原田橋の工事が終わるまで、ここに行くのは厳しそうだが、機会を見て、この場所にも行ってみようと思っている。

まだお昼であるが、あまり長居していると、下道で横浜へ戻るのが厳しくなりそうなので、佐久間ダムを後にする。

佐久間ダムから北上する県道1号線はとても険しい道だ。
落石も多く、路盤に注意して走らないと、タイヤを傷つけてしまうのだ。

県道を進んで行くと、やがて大嵐駅へと到着した。
そして、大嵐駅への分岐から、まさかの崩落通行止め。
後で知ったのだが、かなり大きな崩落があり、半年以上通行止めが続いていると言うことだ。

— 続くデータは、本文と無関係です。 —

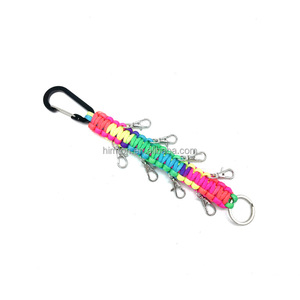 Nouveauté : Porte-nœuds de cheerleading faits main avec mousqueton et porte-clés en paracorde pour adolescentes, idéal pour le sport et le cheerleading - Product Image 5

現在いる『A』地点からこのまま進み『B』地点まで行く予定だったのだが、2時間掛けて回り道をしないと『B』まで行けないようだ。
うーん、これは困った。
通行止めでも行けちゃうことも多いし、とりあえずそのまま車で走って行って見ようかな・・・。
でも、Uターン出来ないと困るなあ・・・。

ま、とりあえずは大嵐駅を見に行ってから考えよう。

大嵐駅は駅の両側がトンネルに挟まれている珍しい駅だ。

こちらが豊橋側のトンネルだ。

そして、飯田方面もこのようにトンネルが口を開けている。
ちなみに、ここ大嵐駅で こばさんという方と出会った。
この方は自転車でいろいろと出掛けているようで、県道1号の崩落地点を見に行くという事で、車から自転車を降ろしていた。
自分も見に行きたかったのだが、今日は探索するつもりで来ていないので自転車は持ってきていないのだ。

大嵐駅からちょっと南下してみる。
ダム工事による線路の付け替え前はこちらに線路が通っており、現在は道路となっているのだ。

1本目の短いトンネルを抜け、どんどんと進んで行く。

そして2本目の長いトンネルへと入っていく。
前回訪れた際は照明も消えており真っ暗だったが、今回は照明が灯っている。

トンネルを抜け、車を駐める。
車を駐めたこの道の奥には、なぜこんな所に!!という集落があるのだ。
ものすごい場所にある集落を見に行ってきた という記事にしているので、興味のある方は是非(='ω')ノ

ちなみにこの付近には数台の車が駐車されていた。
以前は気がつかなかったのだが、この場所から湖へと降りることが出来るようで、釣り人の物なのだろう。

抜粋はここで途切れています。